Work instruction: Whenever a picture appears, leave it out while repeating all the other data exactly.

Information shown:
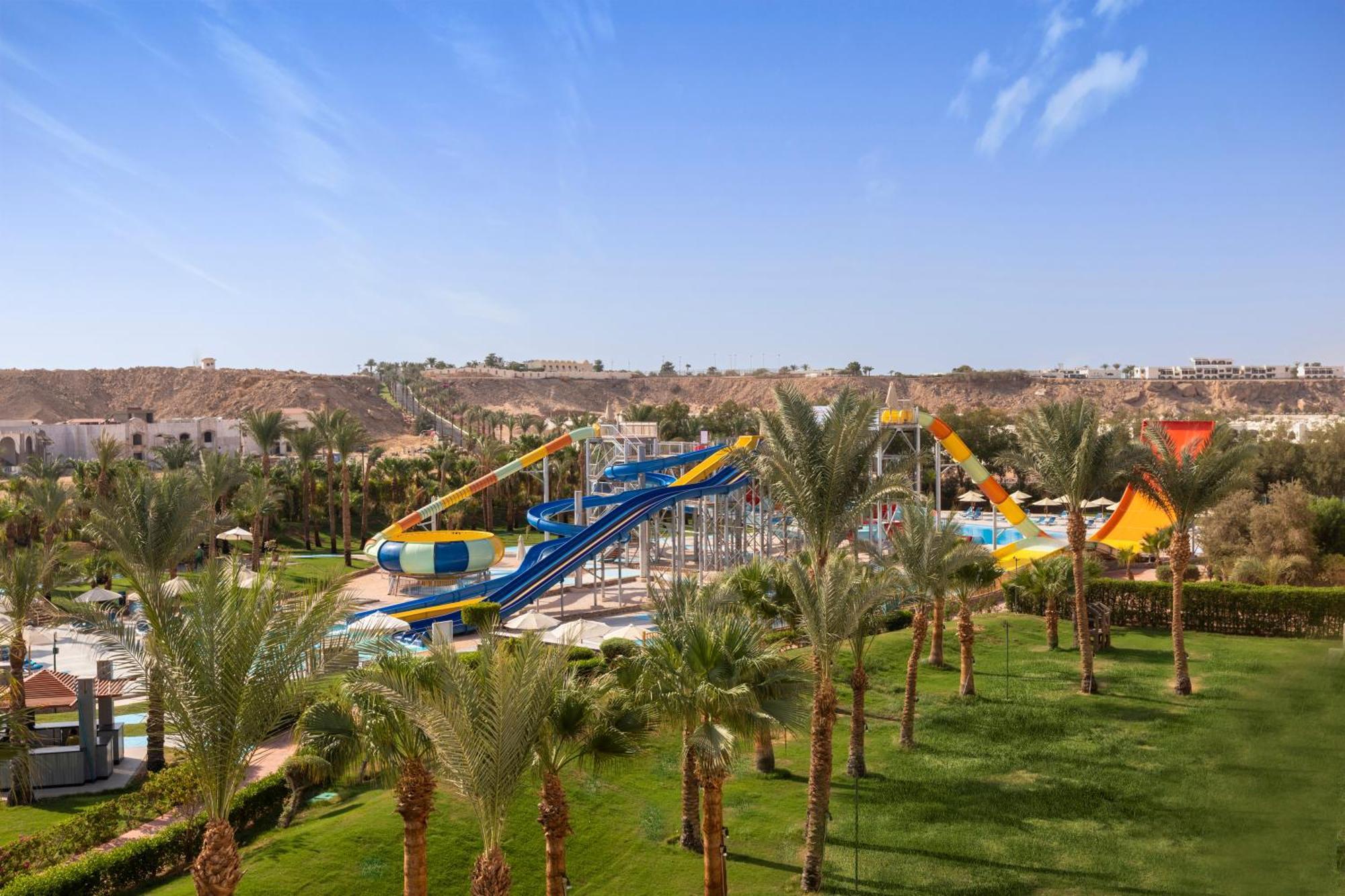 Xperience Kiroseiz Aquapark Premier-Naama Bay Hotel Sharm-el-Sheikh Buitenkant foto Aqua Park at Hilton Sharm El Sheikh Resort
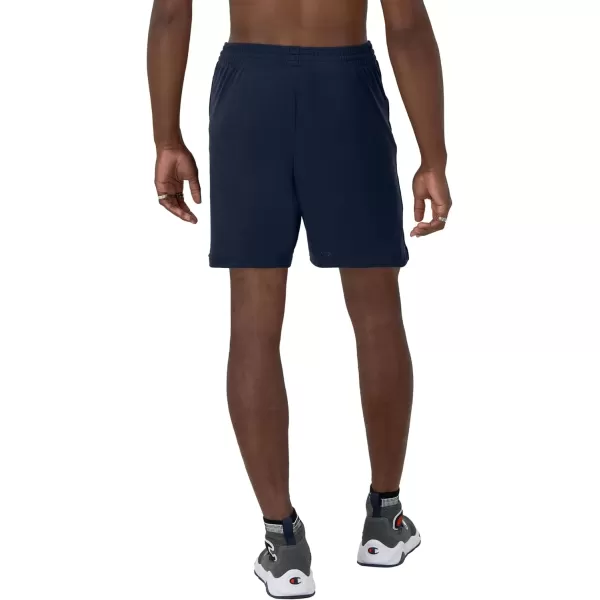 imageChampion Mens Shorts Lightweight Attack Shorts Mens Mesh Shorts with Pockets 7Navy C Patch Logo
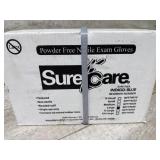 Case of sure care nitrile gloves size large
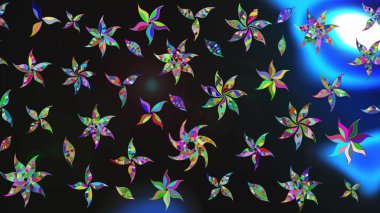 Moda baskısı. Dekorasyon ve tasarım için güzel bir desen. Ton halinde. Çiçeğin suluboya çizimlerinin mükemmel deseni. Suluboya desenli çiçek deseni.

Response to this task:
 Xperience Kiroseiz Aquapark Premier-Naama Bay Hotel Sharm-el-Sheikh Buitenkant foto Aqua Park at Hilton Sharm El Sheikh Resort
 imageChampion Mens Shorts Lightweight Attack Shorts Mens Mesh Shorts with Pockets 7Navy C Patch Logo
 Case of sure care nitrile gloves size large
 Moda baskısı. Dekorasyon ve tasarım için güzel bir desen. Ton halinde. Çiçeğin suluboya çizimlerinin mükemmel deseni. Suluboya desenli çiçek deseni.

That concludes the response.